> **Work item**
Everything except the pictures should be printed exactly as it appears in the records.

> **The records**
-*-
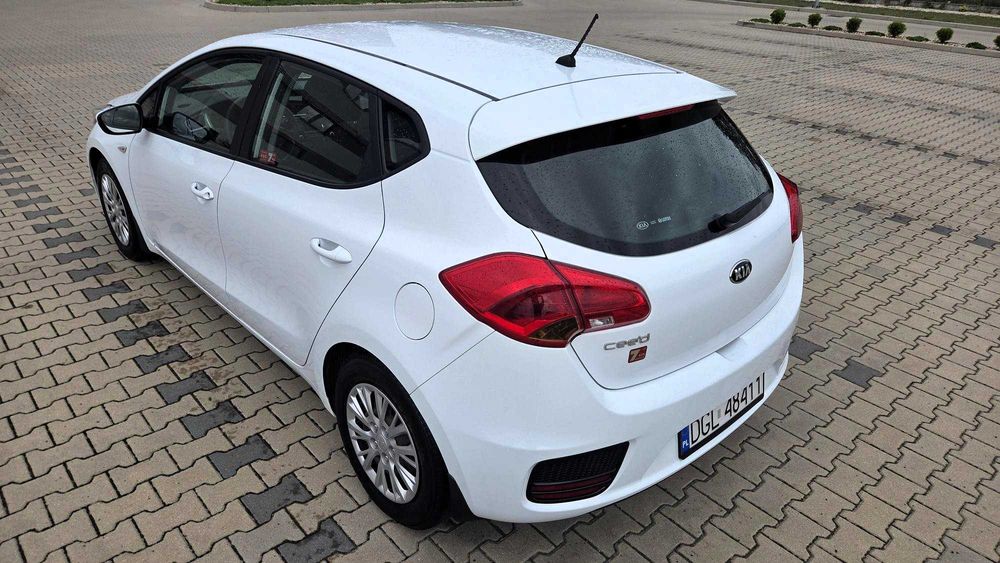 Samochód osobowy KIA Cee'd 1.4 MR`16 E6, hatchback, 5-drzwiowy. benzyna, bezwypadkowy,
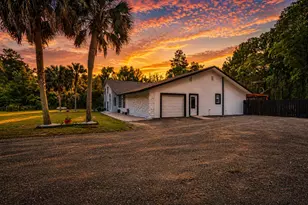 912 S 5th St, Macclenny, FL 32063 - Photo 5
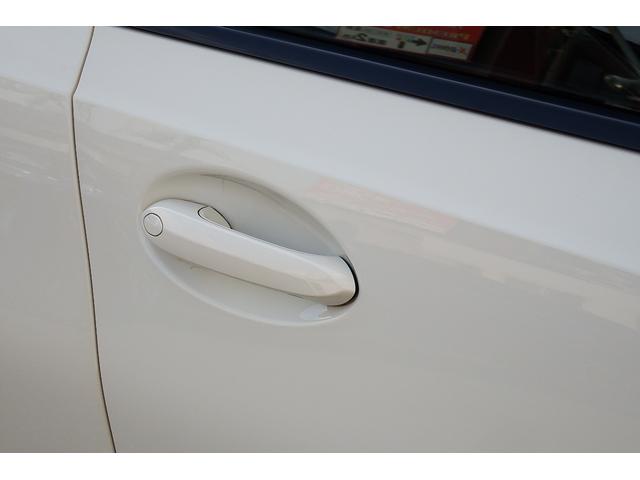 ３シリーズ ３１８ｉ　Ｍスポーツ　ワンオーナー　アクティブクルーズコントロール　電動フロントシート　オートマチックトランクリッド　ＬＥＤヘッドライト　アンビエントライト　ＨＤＤナビ　全方位カメラ　ＥＴＣ車載器内蔵ルームミラー　１９ＡＷ（18枚目）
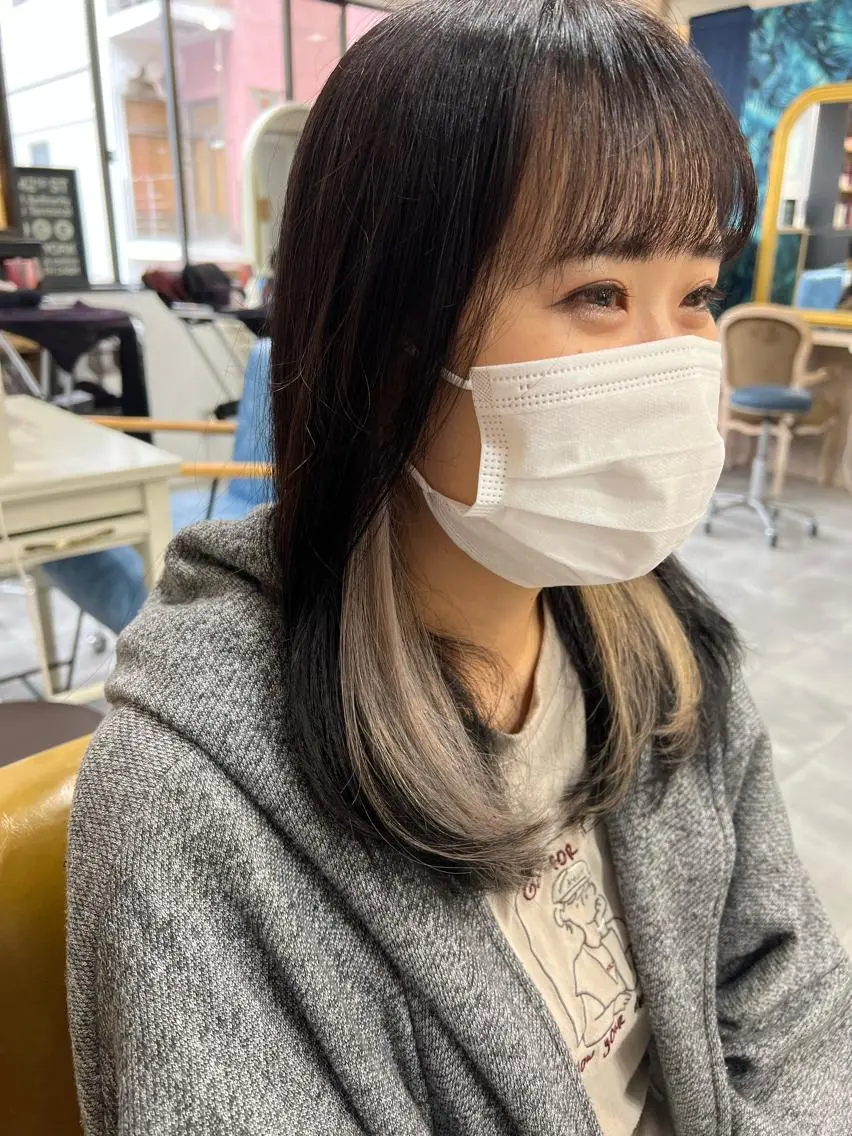 ミディアム カラー ベージュカラー ブリーチ ホワイトベージュ SHIAN立川　及川 17時〜限定のヘアスタイル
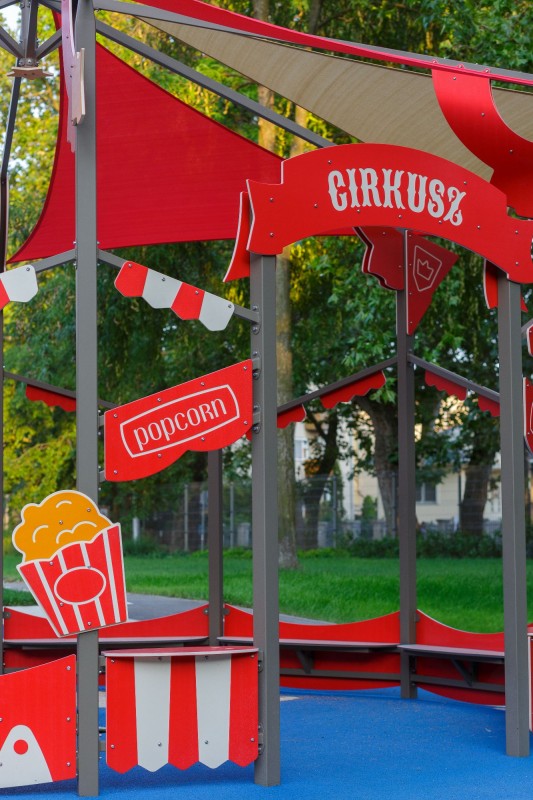 Inter-Play Spielplatzgeraete Products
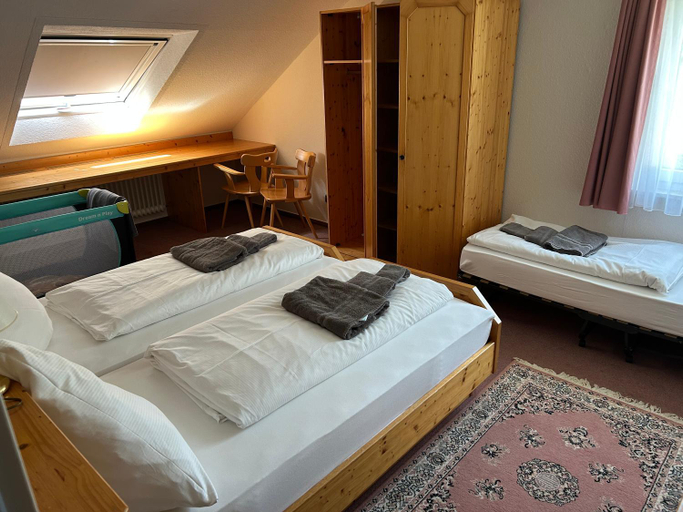Bedroom 4, Bad Bruckhaus Erlebnishotel, Waldshut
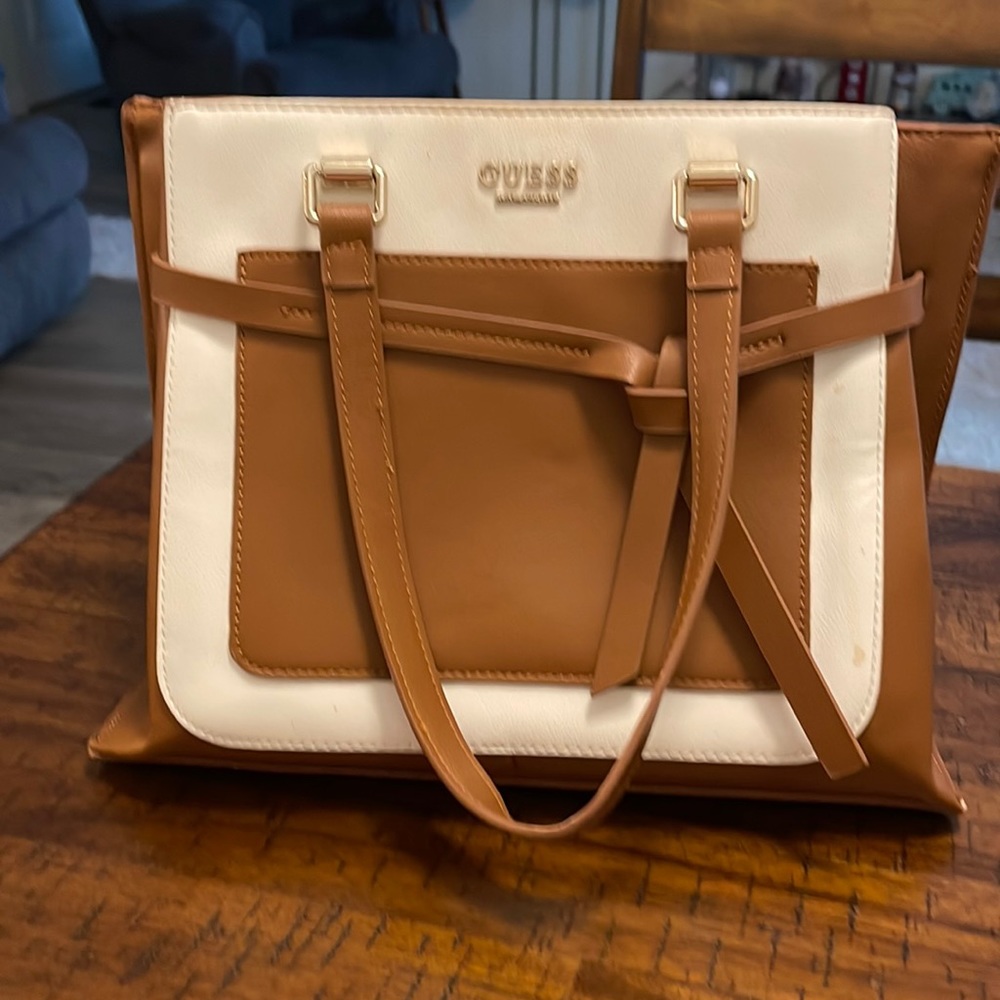 Guess purse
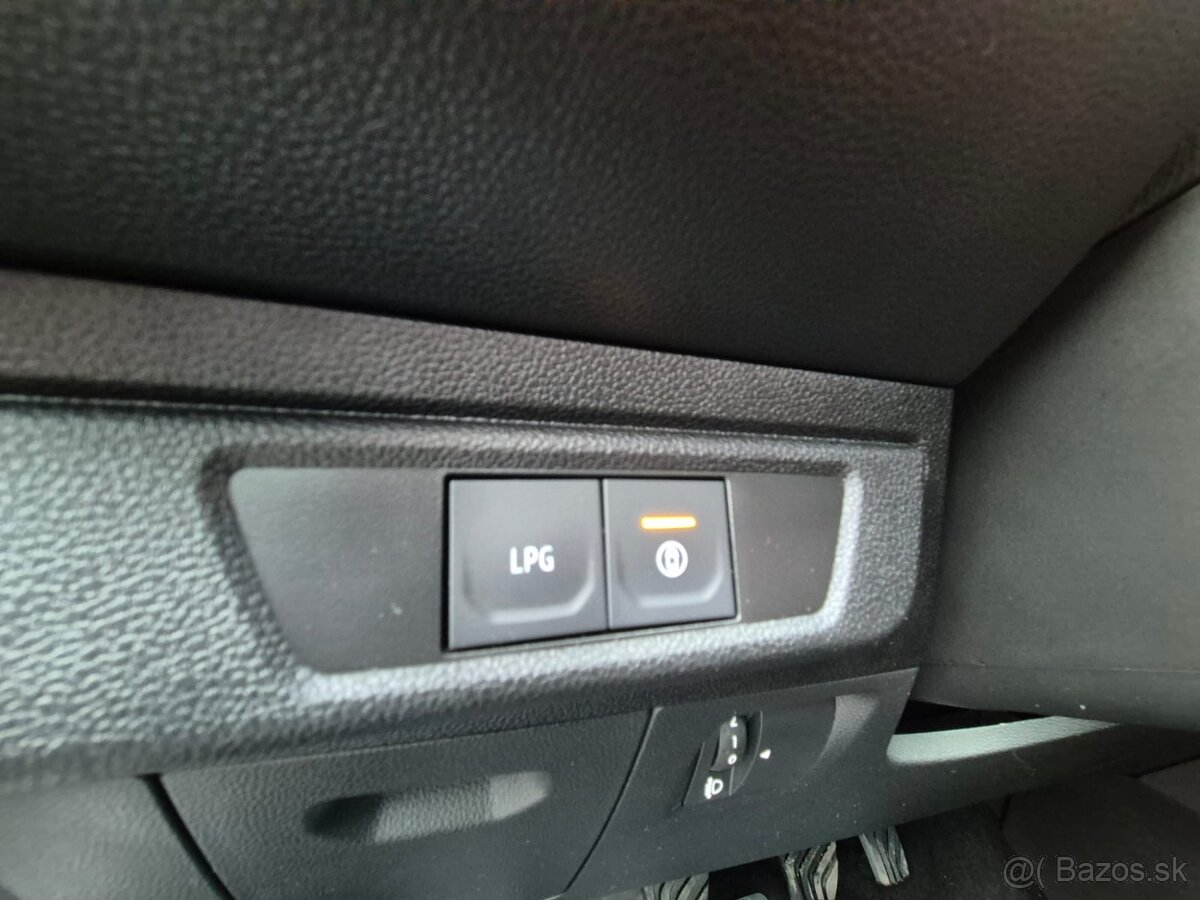 DACIA SANDERO 1.0TCe LPG 1.Majiteľ 100% STAV - 11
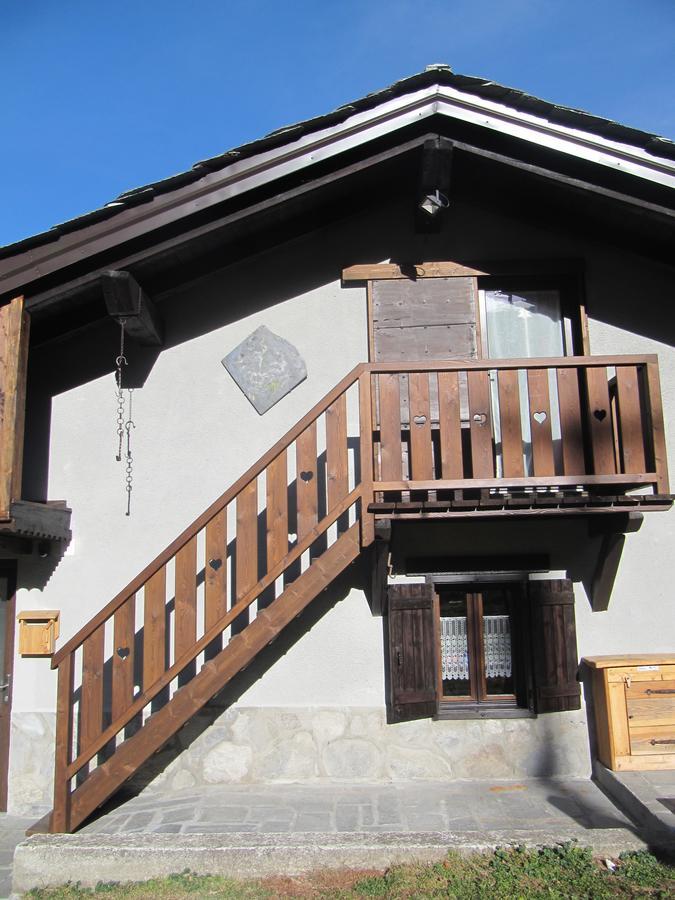 Maison Des Abeilles Vda Gressan N 0028 Eksteriør bilde
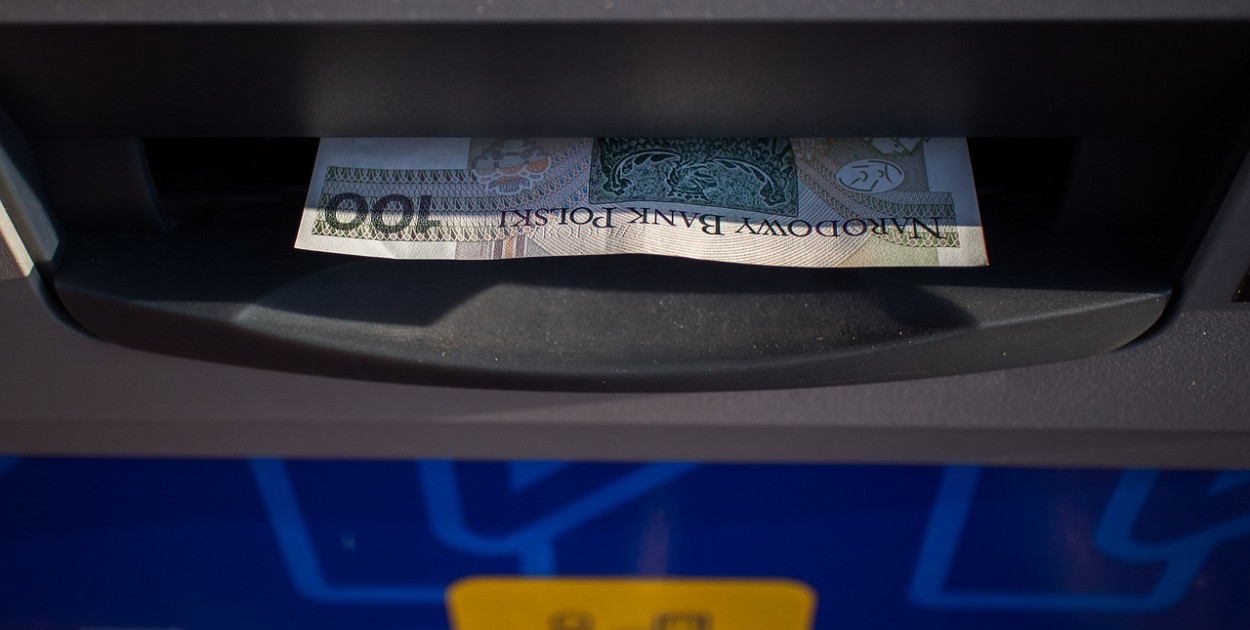 Zachęcają do wypłaty gotówki na weekend. Szykują się "p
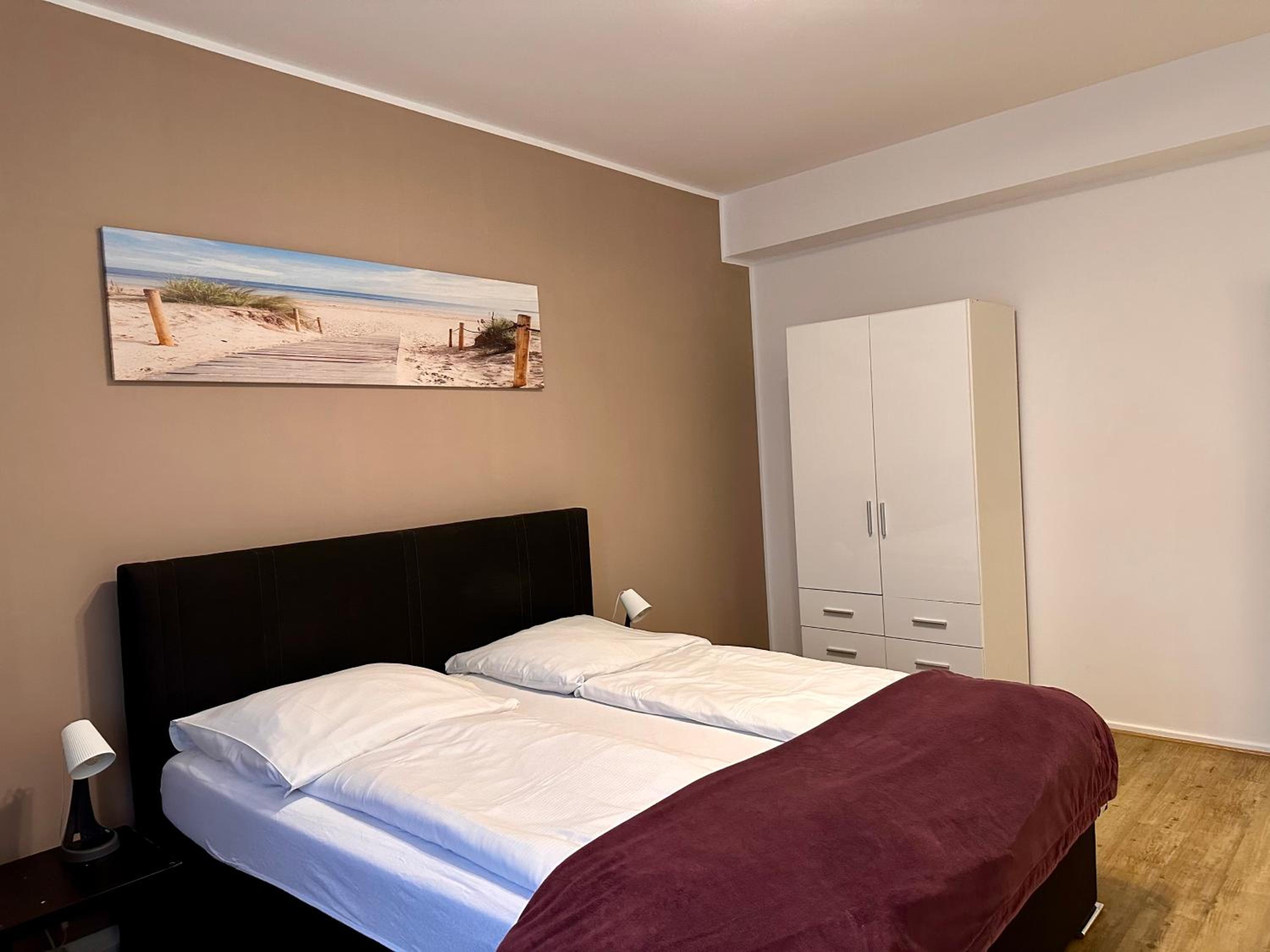 Three-Bedroom Apartment No Rhine River View  - Photo 3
-*-
> **Answer area**
 Samochód osobowy KIA Cee'd 1.4 MR`16 E6, hatchback, 5-drzwiowy. benzyna, bezwypadkowy,
 912 S 5th St, Macclenny, FL 32063 - Photo 5
 ３シリーズ ３１８ｉ　Ｍスポーツ　ワンオーナー　アクティブクルーズコントロール　電動フロントシート　オートマチックトランクリッド　ＬＥＤヘッドライト　アンビエントライト　ＨＤＤナビ　全方位カメラ　ＥＴＣ車載器内蔵ルームミラー　１９ＡＷ（18枚目）
 ミディアム カラー ベージュカラー ブリーチ ホワイトベージュ SHIAN立川　及川 17時〜限定のヘアスタイル
 Inter-Play Spielplatzgeraete Products
Bedroom 4, Bad Bruckhaus Erlebnishotel, Waldshut
 Guess purse
 DACIA SANDERO 1.0TCe LPG 1.Majiteľ 100% STAV - 11
 Maison Des Abeilles Vda Gressan N 0028 Eksteriør bilde
 Zachęcają do wypłaty gotówki na weekend. Szykują się "p
 Three-Bedroom Apartment No Rhine River View  - Photo 3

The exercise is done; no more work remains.